Наоборот, холерический оптимист Варьенуха («А ну-ха, девушки!») деятелен, суетлив и задирист: лжёт по телефону домогальщикам, юлит и уклоняется от ответственности, словом, министр ада.

Напряжённое и всё более заволакивающееся мглой недоумения ожидание Стёпы неожиданно прорезается сверхмолнией из Ялты, где обнаружился «самозванец», называвший себя директором Варьете. Слова, присланные ялтинским угрозыском, звучат как угрозы «храму эстрады», и Варенуха шлёт отповедь в качестве алаверды.
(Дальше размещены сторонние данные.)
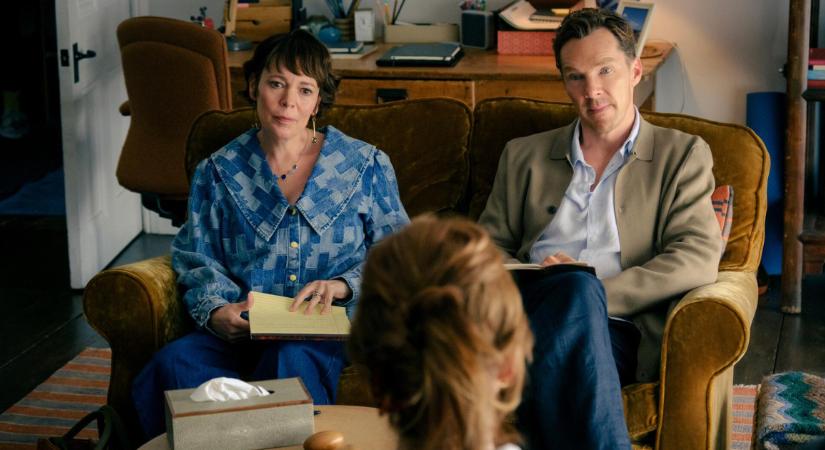 Ezt nézd szilveszter este: filmajánló, a legjobbakat szedtük össze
Не прошло и часа, как удар молнии постиг их снова, на этот раз молнии шаровой, прочтя её, финдиректор и администратор выкатили друг на друга шары и так и застыли в позах финальной сцены «Ревизора». Телеграмма гласила: «Умоляю верить брошен Ялту гипнозом Воланда молнируйте угрозыску подтверждение личности Лиходеев». Выйдя из немоты, стали вспоминать немца, да получалась всё какая-то — чепуха, чепуха, чепуха, — заверещал Варенуха. Чёрт — в третий раз мрачно припечатал Римский. Позвонили чёрту. Никто, кроме Шуберта, на звонок не отозвался. — Не снизошли.

И тут в третий раз вдарила молния.

Она оказалась фотоподтверждением почерка и подписи Лиходеева, несмотря на то, как потрясённо выдохнул Варенуха, что «этого не может быть». Это-то «не может» при сличении оказалось подлинной правдой. Твёрдые материалистические мозги сослуживцев мгновенно вдавило в жидкий пластилин невероятного, тем не менее не только очевидного, но и осязоидного.
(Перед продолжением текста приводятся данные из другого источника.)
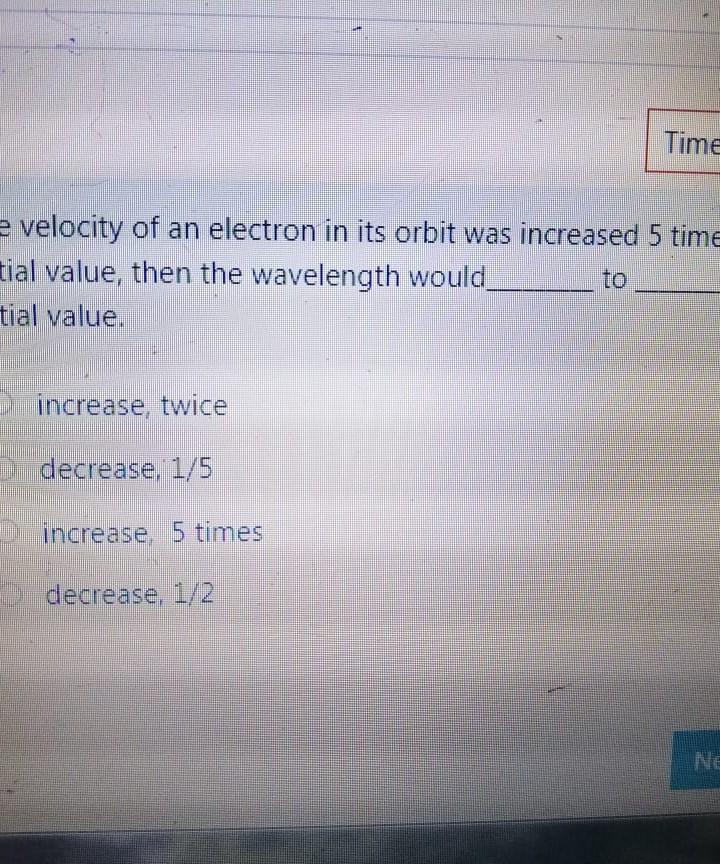 T-shaped O CCl4, tetrahedral O SF4, trigonal planar Marked out of 2.00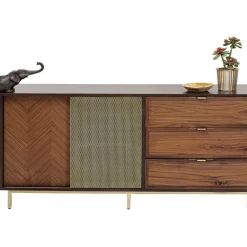 KARE Design Kommoden & Sideboards-Sideboard Arizona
В четвёртый раз гильотиной падает поисковое чёрт в кащеевом умозрении финдиректора. Как ни пытался «чахнущий над златом» увязать взлохмаченные происшествием факты, концы с концами не сходились — хоть убей! Данные стояли врастопыр и сводили с ума...

В этот момент в свинцовых небесах директорской вновь сверкнула молния. Это уже Римский прорубил тьму неизвестности озарением и мгновенно собранным из всей этой ахинеи пакетом-посланием в ТУДА, где должны разобраться (тудее некуда). Варенуха был снаряжён в качестве молниеносца. Уже в дверях он вновь столкнулся с почтальоншей. Две зигзагообразные шпаги скрестились между собой. В руках пришедшей было такое послание: «Спасибо подтверждение срочно пятьсот угрозыск мне завтра вылетаю Москву Лиходеев».

Сластолюбивый Стёпа (пять ему, видите ли, сот!) явно перегибал палку в уже не смешно затянувшейся шутке.

Он с ума сошёл... — слабо сказал Варенуха.» (Ещё бы! Деньги-то какие!)

Но кащей молча потянулся к кассе.

Далее события развивались вихреобразно. Забежав на секунду в свой кабинет, Варенуха получает по телефону первое серьёзное предупреждение от потусторонников-хулиганов. Это его не останавливает: весь организм сопротивляется грубому нажиму наглой неведомой шайки. Однако заскочив по служебной надобности в уборную, он получает в форме рукоприкладства второе серьёзное предупреждение со стороны некоего котообразного толстяка. Внушение происходит при свете молний, хоть и на фоне нужников. Появившийся новый незнакомец — «маленький, но с атлетическими плечами, рыжий как огонь, один глаз с бельмом, рот с клыком» — «благословляет» администратора по другому (варен) уху, после чего Иван Савельевич окончательно расслаб и осовел. Наказание носило, безусловно, космический характер, потому как сразу после второго (громового) удара что-то «грохнуло в небе, и на деревянную крышу уборной обрушился ливень». На робкие возражения Варенуха получает третий, наиболее проникновенный удар, сопровождающийся «пусканием крови» на толстовку, каковая не только спровоцировала заушение с обеих рук в плане общего учения о непротивлении злу насилием, но и удовлетворила постоянно действующее желание пострадать в аспекте квазихристианских поползновений графа.

В грубой форме у Варенухи изымается портфель с неотосланной телеграммой, самого же вкрутую сваренного Варенуху экзаменаторы-мозговправщики волокут в дом № 302-бис, где в 50-й квартире его уже поджидает «совершенно нагая девица — рыжая, с горящими фосфорическими глазами». Холод и полную реальность её прикосновения он ощутил даже сквозь рационалистическую позитивистскую толстовку.

Дай-ка я тебя поцелую, [Данко], — нежно сказала девица, и у самых его глаз оказались сияющие глаза. Тогда Варенуха лишился чувств и поцелуя не ощутил».

Так утратил природную девственность ещё один Иван — в аспекте общего Булгаковского толстоведения в совсем уже «касацком» стиле.